2000 – 2025 : UN QUART DE SIÈCLE DE L’INSTITUTION
En entrant dans l’année 2025, nous attaquons le deuxième quart du XXIe siècle. Depuis l’an 2000, qui nous semble pourtant si proche, la France des courses a énormément changé́. Mais en quoi ? Cinquième épisode : l’Institution.
Guillaume Boutillon et Mayeul Caire
gb@jourdegalop.com et mc@jourdegalop.com
Les courses sous un même toit
Sur le plan symbolique et concret, la décision la plus visible de ces 25 dernières années est le rassemblement de toutes les composantes de l’Institution en un seul et unique lieu : Thémis (Paris 17e). Ce projet de réunion avait du sens d’un point de vue économique mais aussi dans celui de la dynamique de collaboration entre les différentes entités de l’Institution. Mais ça, c’était sur le papier. Dans les faits, on ne peut pas dire que le PMU, France Galop et LeTrot s’entendent mieux qu’avant ; c’est même le contraire. En même temps, si l’on nous autorise cette métaphore, si trois couples habitant dans une même ville et n’ayant que peu de points communs décident de s’installer dans le même immeuble, s’entendront-ils mieux pour autant ? On peut même penser que c’est le contraire qui se produira…
Ce sujet (et ses conséquences positives ou négatives) sera à suivre dans les années à venir.
Stabilité de la gouvernance
En régnant 16 ans sur France Galop (2004 – 2011 puis 2015 – 2023), Édouard de Rothschild a apporté à l’Institution des courses au galop une grande stabilité. Cela est précieux dans une activité qui repose sur le temps long et exige le plus grand calme pour générer la plus grande confiance. D’ailleurs, et ce n’est pas un hasard, la période 2000 – 2024 a été très peu agitée sur le plan social, n’était-ce la violente grève dite « des Critériums » (2017).
Si l’on en revient à la gouvernance du galop français, la première partie du calendrier a été plus agitée au poste de directeur général, avec une succession de femmes et d’hommes sur une période assez courte (à partir du départ de Louis Romanet fin 2007 et jusqu’au long mandat d’Olivier Delloye de 2016 à 2023) : trois directeurs généraux en huit ans – Emmanuelle Bour, Hubert Monzat et Thierry Delègue.
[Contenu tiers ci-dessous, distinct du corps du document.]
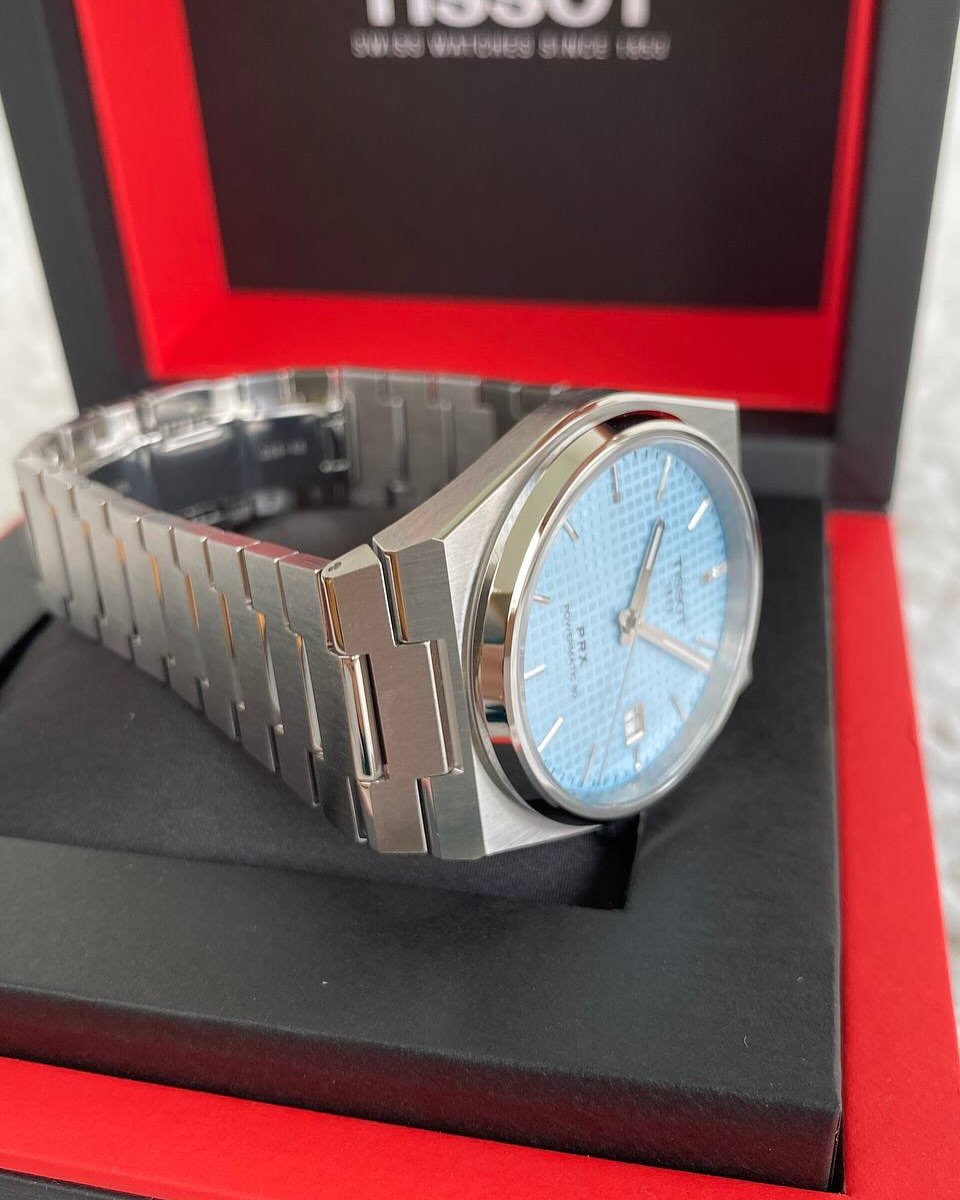 TISSOT – PRX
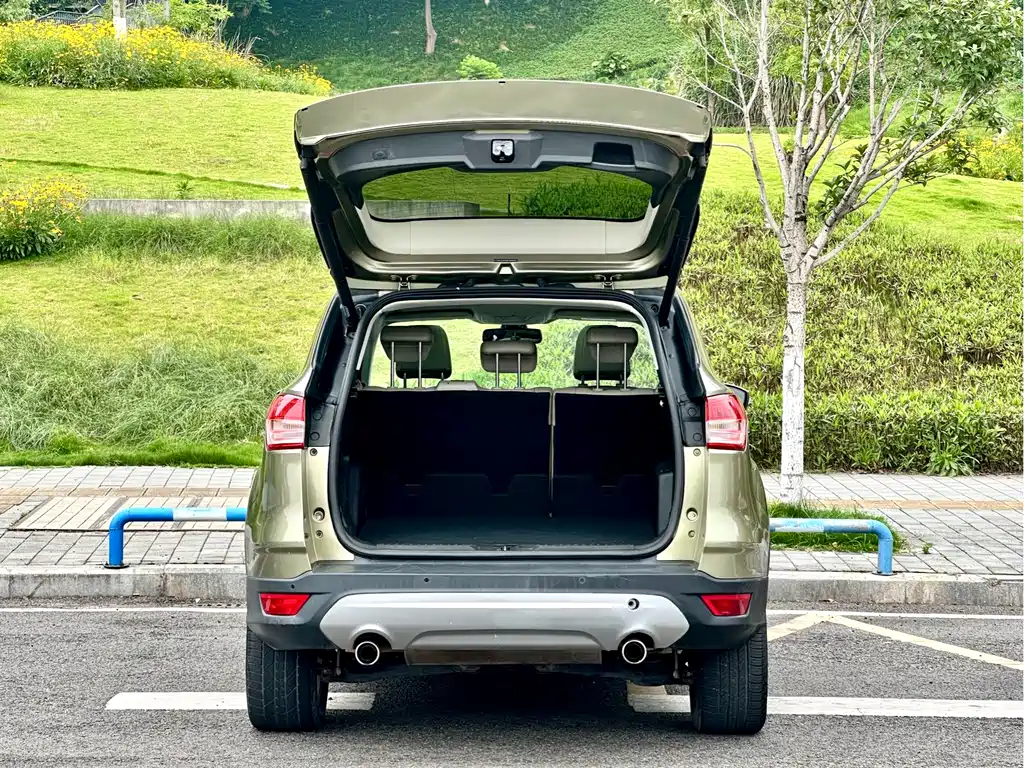 Ford Kuga 2.0L GTDi 4WD Elite Type, фото 7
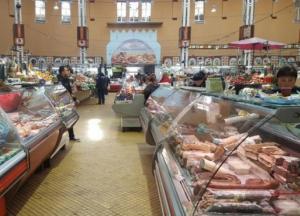 Магазинам и рынкам в Киеве поручили создать запас продуктов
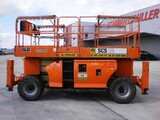 Nacelle automotrice à ciseaux Jlg 3394 RT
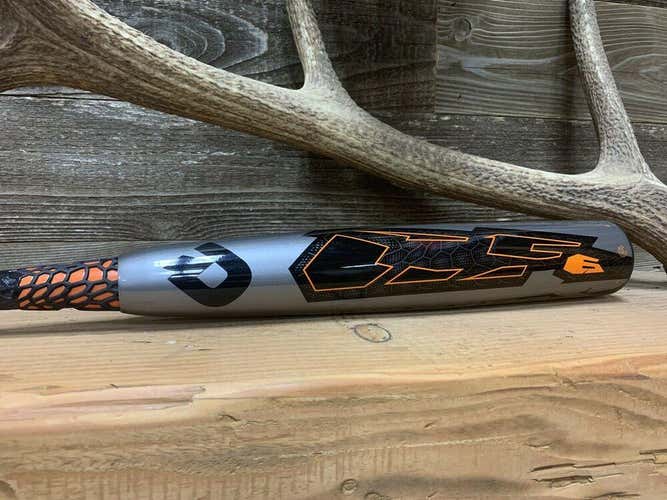 NEW DeMarini CF6 BBCOR Baseball Bat 34/31 (-3) Brand New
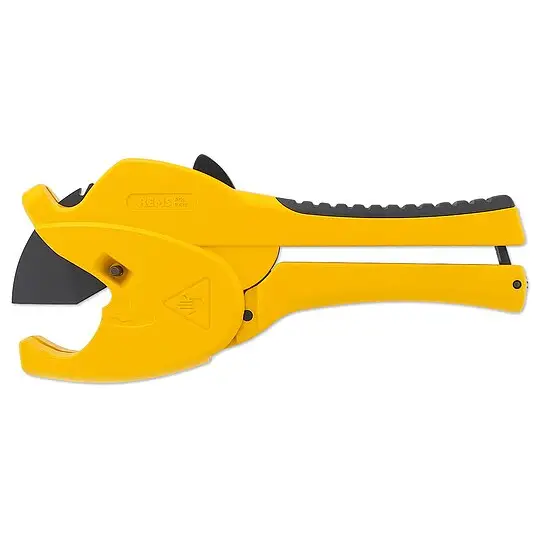 Neu Im Sortiment REMS Rohrschere ROS P 42 S mit Schnellrücklauf - für MV-Rohr bis Ø 42 mm - 291010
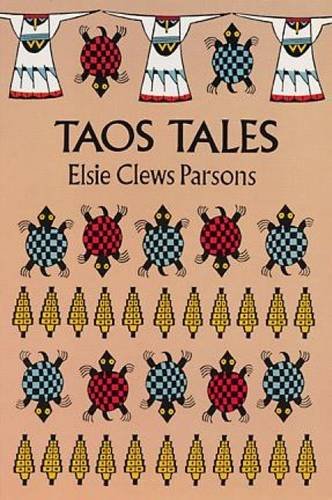 9780486289748: Taos Tales (Native American)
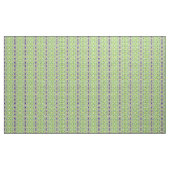 Tissu Un design motif d'impression couleur verte classiq (Yard)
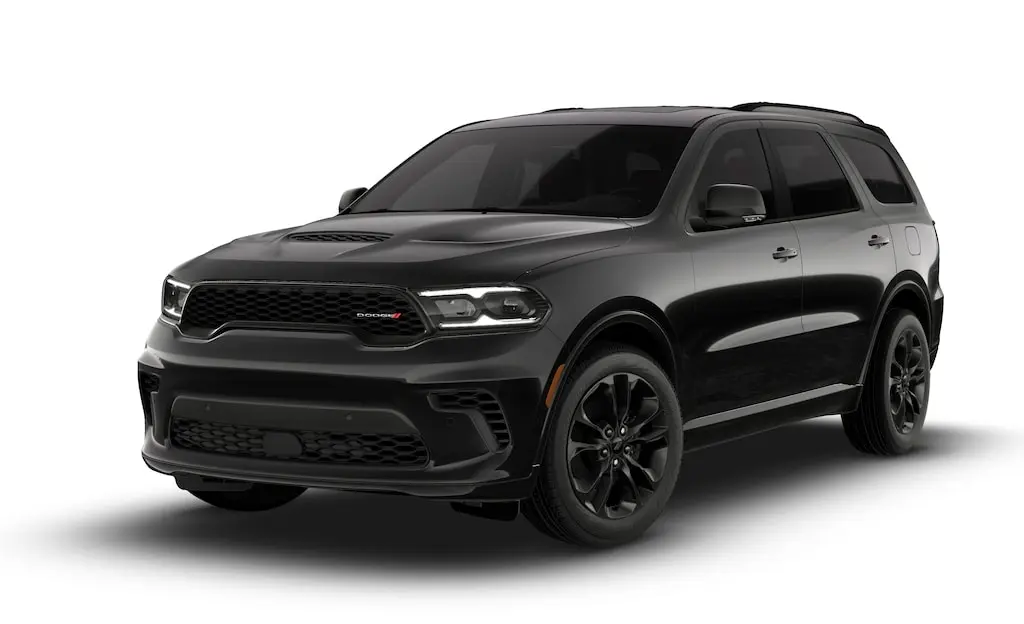 2026 Dodge Durango GT Plus AWD photo 1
On pourra d’ailleurs faire la même remarque pour le PMU : une entreprise qui change trop souvent de patron ne réussit pas aussi bien qu’une entreprise managée dans le temps long. Ainsi, entre le départ de Philippe Germond en 2014 et la nomination d’Emmanuelle Malecaze-Doublet en 2022 (huit ans), le PMU a-t-il connu quatre dirigeants différents : Xavier Hurstel, Alain Resplendy-Bernard, Cyril Linette et Emmanuelle Malecaze-Doublet. C’est quasiment le double des entreprises du CAC 40, où l’on sait pourtant que les actionnaires ont la gâchette facile !
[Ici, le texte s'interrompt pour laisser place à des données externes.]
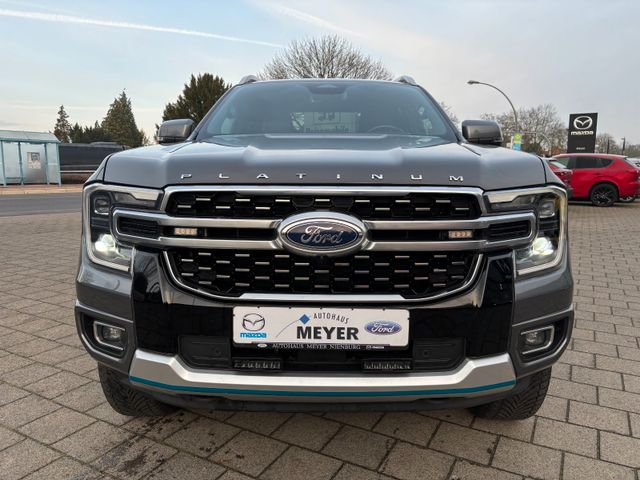 Ford Ranger 4x4 3,0 l EcoBlue DoKa Autm. Platinum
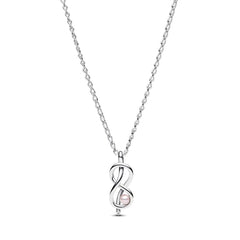 Ladies' Pendant Pandora 393762C01-50 Silver -  Jewellery, Women -  Pandora.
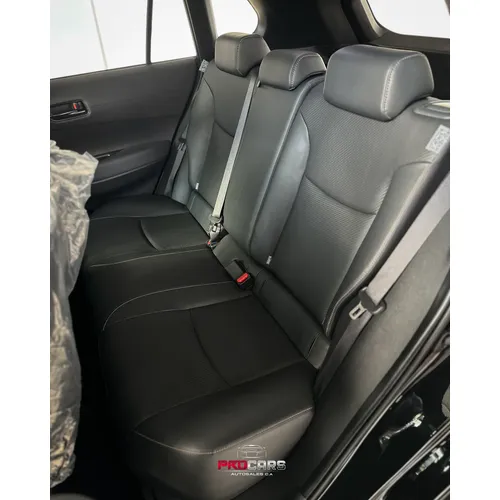 Toyota Frontlander 2025 Negro Caracas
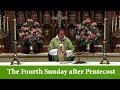 The Holy Eucharist: Rite II on Pentecost 4 - June 20, 2021, Calvary Episcopal Church, Pittsburgh, PA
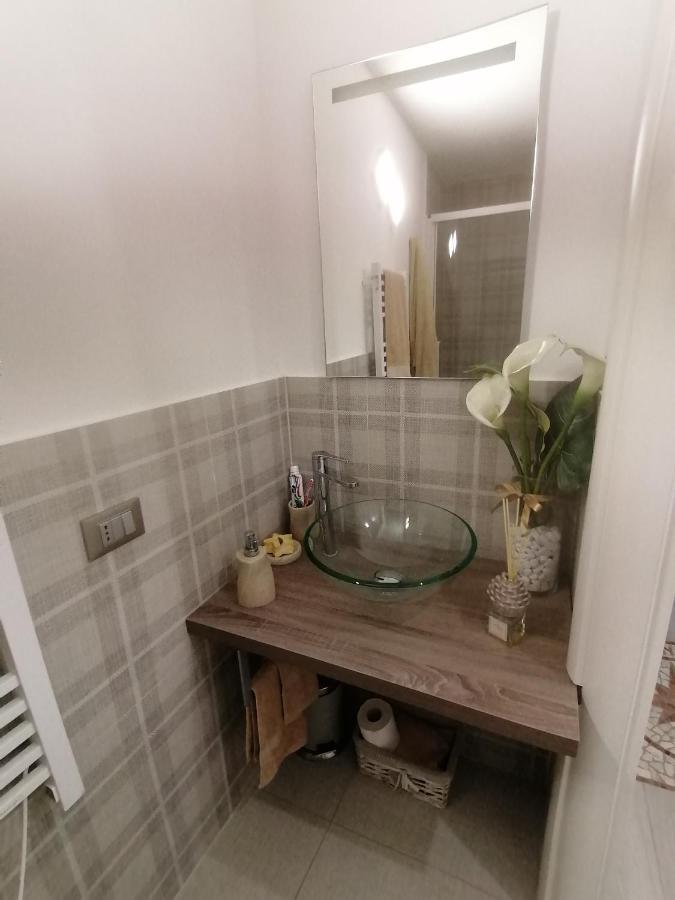 La Casa Di Trilly 호텔 산레모 외부 사진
Le nouveau rôle du Service central des courses et jeux
À force, on avait presque oublié que les courses n’étaient pas seulement sous la tutelle du ministère des Finances et du ministère de l’Agriculture – mais aussi sous celle de l’Intérieur ! Il est vrai que la Police des jeux était sans doute, avec la brigade canine chargée de veiller sur les crottes de chien non ramassées, l’un des services les plus discrets de la police parisienne. Comme quoi, rien ne dure en notre bas monde… puisqu’en 2021, la nomination du commissaire Stéphane Piallat à la tête du service va tout changer. Le service fait son boulot à fond, en devenant assez interventionniste – surfant sur la frontière entre tutelle et ingérence. Les œufs cassés pour fabriquer l’omelette sont parfois pourris, comme dans le cas Dubord, qui ne méritait vraiment pas l’acharnement dont il a été l’objet. Autre élément nouveau, le Service communique volontiers sur la stratégie et sur les affaires, ce qui ne peut plaire aux personnes ciblées mais permet de mieux comprendre certains sujets.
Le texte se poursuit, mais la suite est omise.